Recently, there has been a lot of news generated about a new development in Camp Bay. Being unfamiliar with Camp Bay, I decided to visit the property with Eric Skinner and Brent Stevens, owners of Century 21 RiverStone who are marketing the property, to see firsthand for myself what is really going on and to try to discern what is fact and fiction.
As we drove to Camp Bay together, Eric and Brent shared with me the story of this special property that was owned by the same family for over 100 years until its sale in 2021. Since the early 1900s, Camp Bay was homesteaded by the Van Schravendyk family, where they raised cattle in the early days of settling Camp Bay and then made money by leasing land for folks to build waterfront cabins in the late 1950s.

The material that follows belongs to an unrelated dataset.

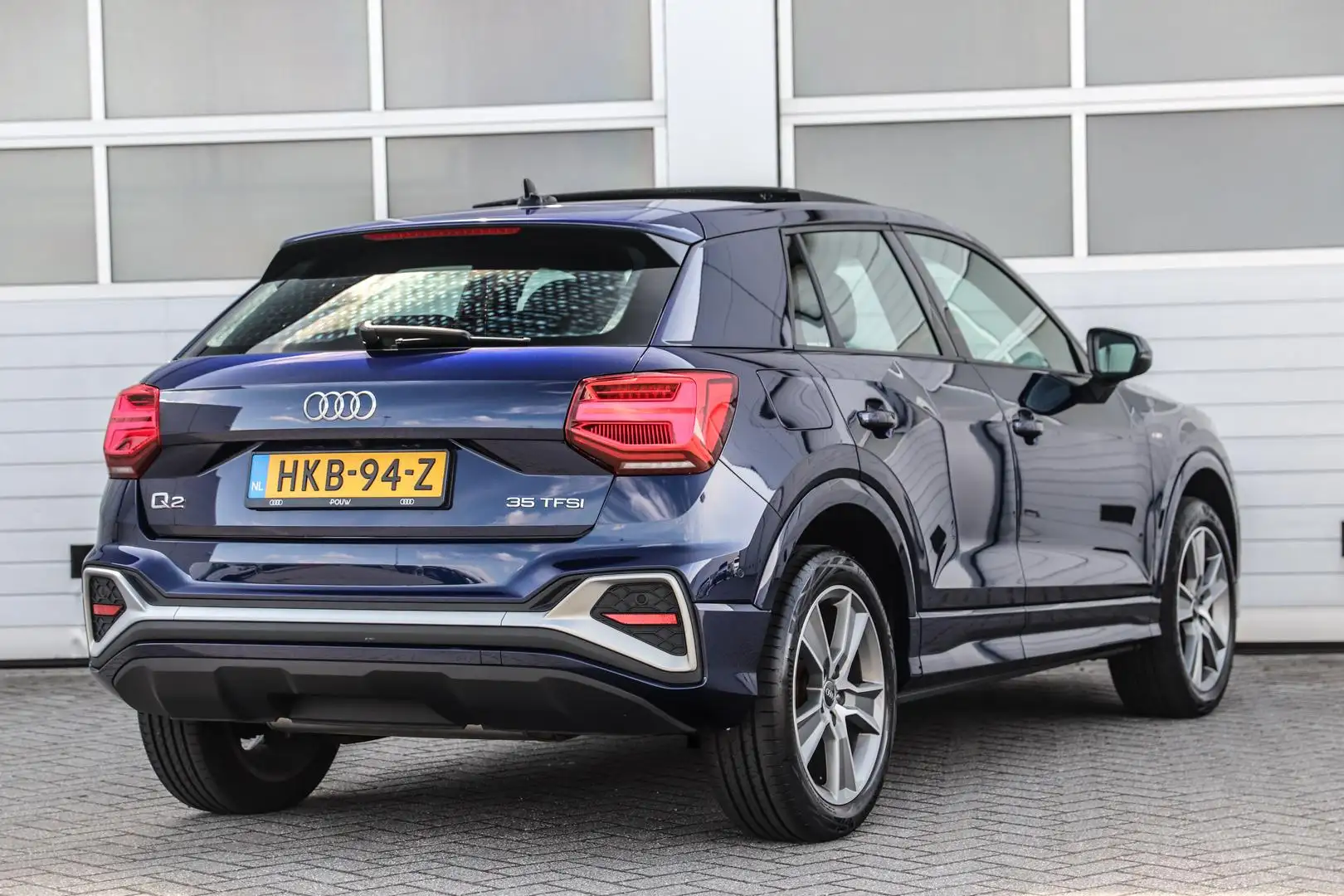 Audi Q2 35 TFSI 150pk S-tronic S-Line Edition | Panoramada Blauw - 2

Ultimately, the family had about 21 leases of waterfront property, and between property leases and logging the property, the family held the land until its sale in 2021.
Before the 1980s, the Idaho panhandle was a fairly sleepy place. Many families made their living off the land whether by farming, mining, or the timber industry. A small wave of big-city dwellers discovered the area and decided to uproot their families and take root in the smaller communities North Idaho offers. As the popularity of Schweitzer grew and the building of the Coeur d’Alene Resort in 1986, the area began to take shape as a tourist destination. As more visitors came to the area, they were also taken by the scenery and slower pace of life. While growth continued through the ‘90s and 2000s, the past two years are like nothing the area has ever seen.